_DIRECTIONS_: In this exercise, print only the lines of the records below from the one with "Used Nissan Tiida" through the one with "Portada del libro", inclusive. Pictures are not part of the copy.

_EXTRACTED ENTRIES_:
============================================================

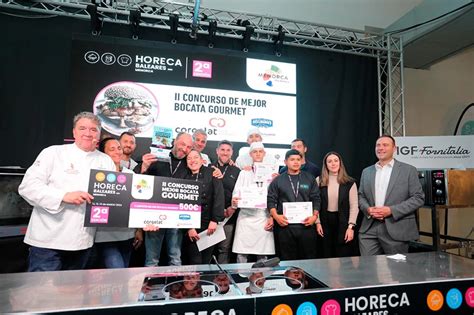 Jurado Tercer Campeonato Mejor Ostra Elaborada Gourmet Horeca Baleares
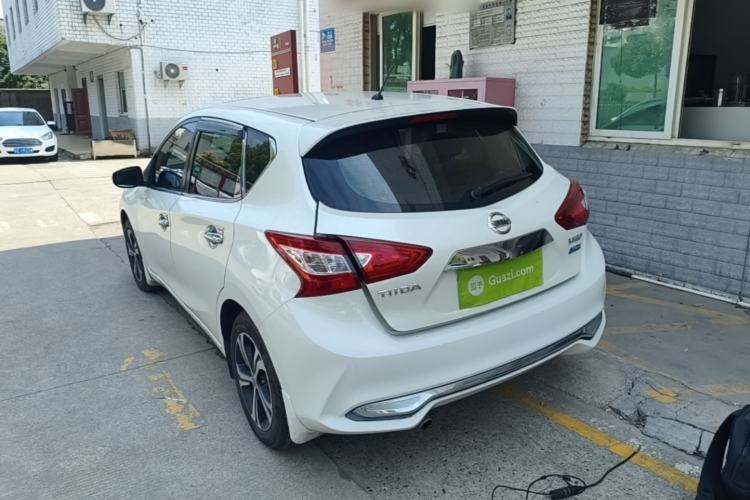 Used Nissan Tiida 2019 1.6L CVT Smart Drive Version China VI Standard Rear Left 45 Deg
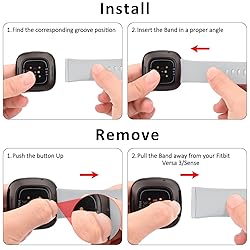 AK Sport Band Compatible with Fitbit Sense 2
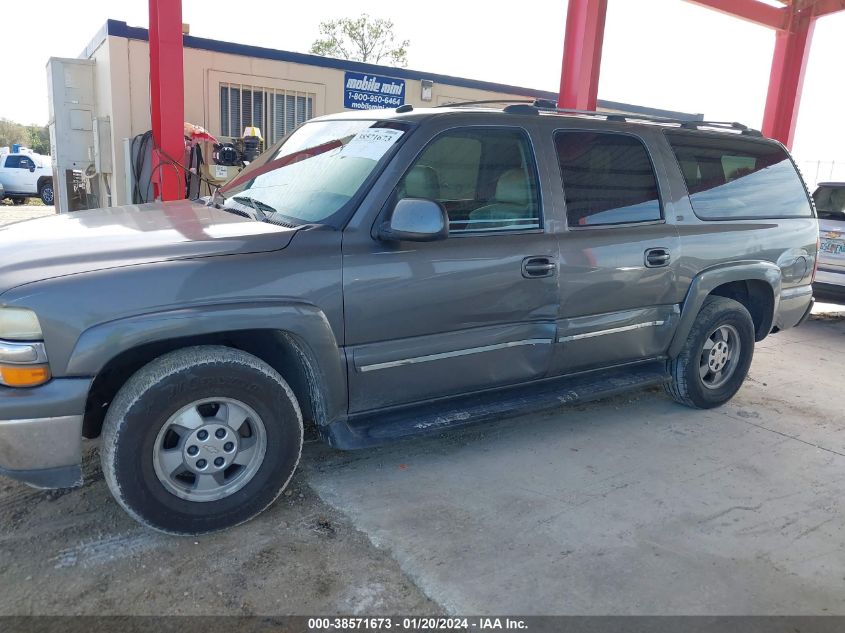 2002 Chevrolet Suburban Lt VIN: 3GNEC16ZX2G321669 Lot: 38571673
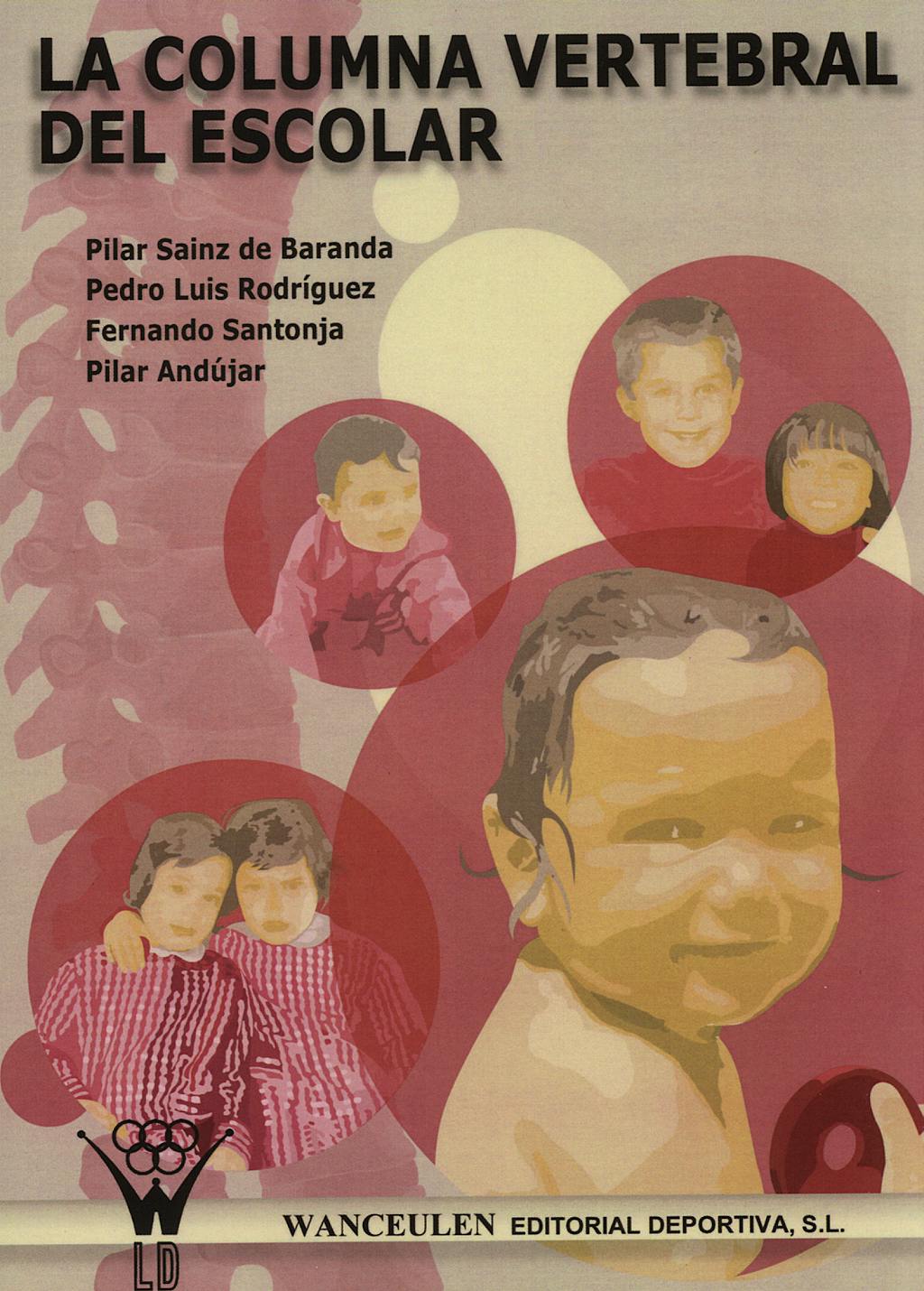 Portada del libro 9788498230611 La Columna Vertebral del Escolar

============================================================

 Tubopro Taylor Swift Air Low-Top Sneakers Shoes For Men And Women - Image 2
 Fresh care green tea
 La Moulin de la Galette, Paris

============================================================

_ANSWER TO THE PROBLEM_:
 Used Nissan Tiida 2019 1.6L CVT Smart Drive Version China VI Standard Rear Left 45 Deg
 AK Sport Band Compatible with Fitbit Sense 2
 2002 Chevrolet Suburban Lt VIN: 3GNEC16ZX2G321669 Lot: 38571673
 Portada del libro 9788498230611 La Columna Vertebral del Escolar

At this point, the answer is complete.